What is being asked: Everything in the listing below must be reproduced exactly, apart from its images.

Recorded information:
━━━━

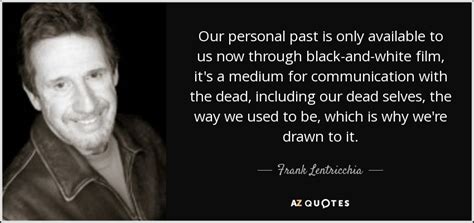 Top Quotes By Frank Lentricchia A Z Quotes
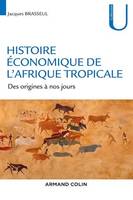 Histoire économique de l'Afrique tropicale, Des origines à nos jours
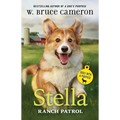 Stella: Ranch Patrol: Dogs with a Purpose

━━━━

Exercise output:
 Top Quotes By Frank Lentricchia A Z Quotes
 Histoire économique de l'Afrique tropicale, Des origines à nos jours
 Stella: Ranch Patrol: Dogs with a Purpose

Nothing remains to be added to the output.